No individual or ‘left collective’ can withstand a sustained ruling-class war of annihilation – which is why we must gain strength by organising in our workplaces and communities, writes BILL GREENSHIELDS

ONE of the illusions peddled by every ruling class that’s ever existed is that politics is all about “strong leaders” and “great men.” Now and then they might grudgingly allow for a “great woman”…

But the capitalist class knows this is just window dressing. They know that power is class based — won (or lost) by the comparative level of determination, organisation and willingness of the contending classes to fight . 

Their level of class consciousness is high. They dominate and control their party of choice, the Tory Party.

So why is the Labour Party so obsessed with its leadership contest? It lost the election over its Brexit position, not “leadership quality” as the pundits want us to believe. 

Workers don’t trust parties that lie to them — which appeared to be all parliamentary-based parties as Labour moved increasingly into the Remain camp. 

Political organisation across the working class is low — in workplaces, trade unions, local communities and culturally. 

So the working class clearly doesn’t dominate and control the Labour Party — or want to — and many leading Labourites work hard to keep it that way. 

Working-class identity and pride stay high, but class political consciousness is generally low.  

But this isn’t a “natural” state for workers. It’s the result of four decades of harsh lessons heaped on us daily — from the defeat inflicted by Thatcher in the attacks of the ’80s, in response to our struggles of the ’70s. 

Forty years of fragmentation of our movement brought about by de-industrialisation, public spending cuts and privatisation, the debilitating effect of the anti-union laws, the unions’ retreat from collective bargaining, and the turn of many from fighting organisations to service providers, the gig economy and precarious working, the destruction and gentrification of working-class communities and the siren call of the EU to accept its illusory “protections.” 

You can add to the list of how working-class confidence, unity, determination and organisation have been deliberately and systematically undermined — including of course the class treachery of New Labour, still very much alive.

Many of the hundreds of thousands of activists who joined the Labour Party as a vehicle for change had no intention of developing working-class participation — the real vehicle for change. 

Many sought a class cuddle rather than struggle.

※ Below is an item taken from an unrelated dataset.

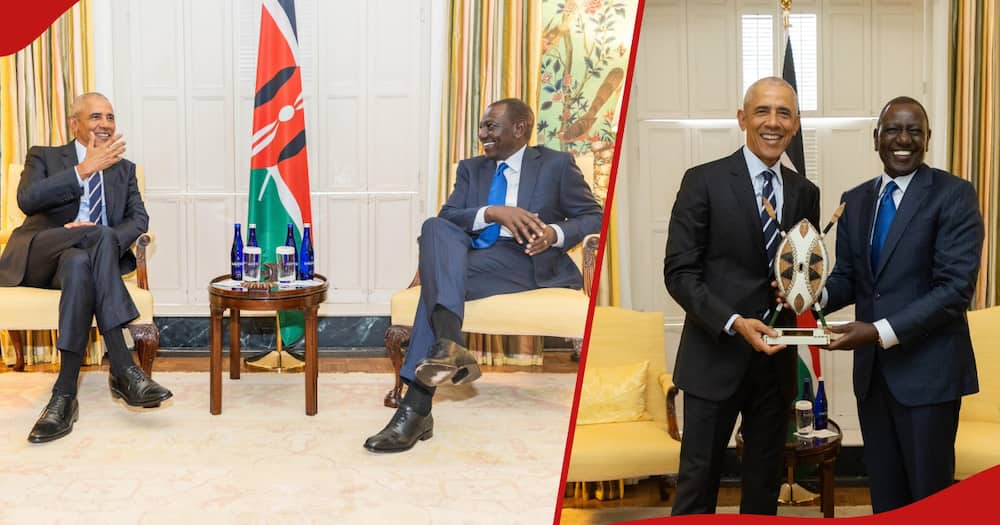 President William Ruto during his meeting with former US President Barrack Obama in Washington, DC.
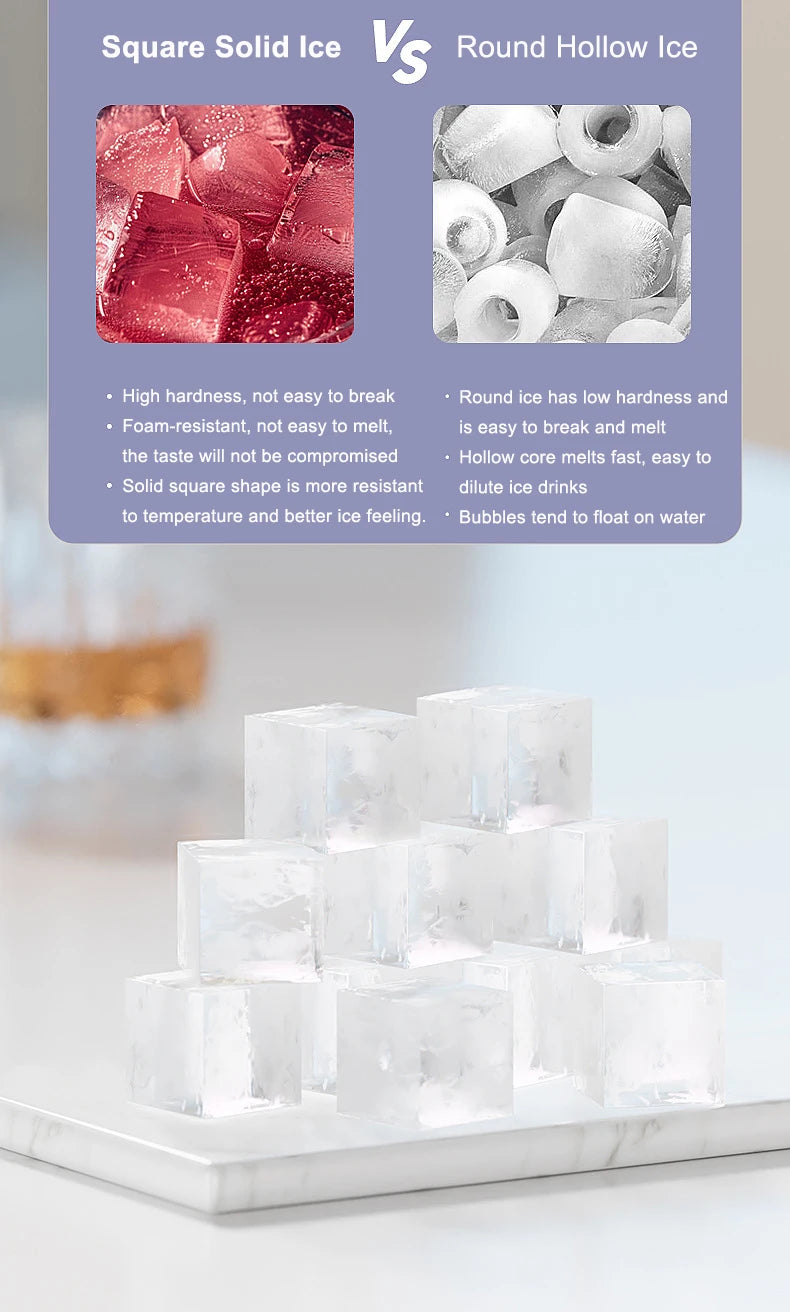 110V/220V Portable Small Ice Maker Mini Home Dormitory Office Camping 12V Car Cube Ice Automatic Ice Making Box Ice Machine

They put Corbyn in as socialist leader of a largely unreconstructed Blairite neoliberal party — wishful thinking at best — and then tied him to the EU’s institutions of capitalism. 

Many treated the Labour Party as though it was the property of the most shallow, self-opinionated, Guardian pundit and podcaster. 

They’re still doing it, regardless of the alienation of the working class. This, if anything, is what makes Labour “unelectable.”

The Labour Party seems to be playing a competitive game of “follow my leader,” with the Tories apparently accepting that the leader is all-important. 

This game ignores the fact that the Labour Party, if it is not led politically, organisationally and practically by the organised working class, is not capable of achieving even reformist change — let alone socialism. 

No individual or “left collective” can substitute or withstand a sustained capitalist ruling-class war of annihilation against even the sniff of a possible left government, such as that we saw in embryonic form in the run-up to the election. 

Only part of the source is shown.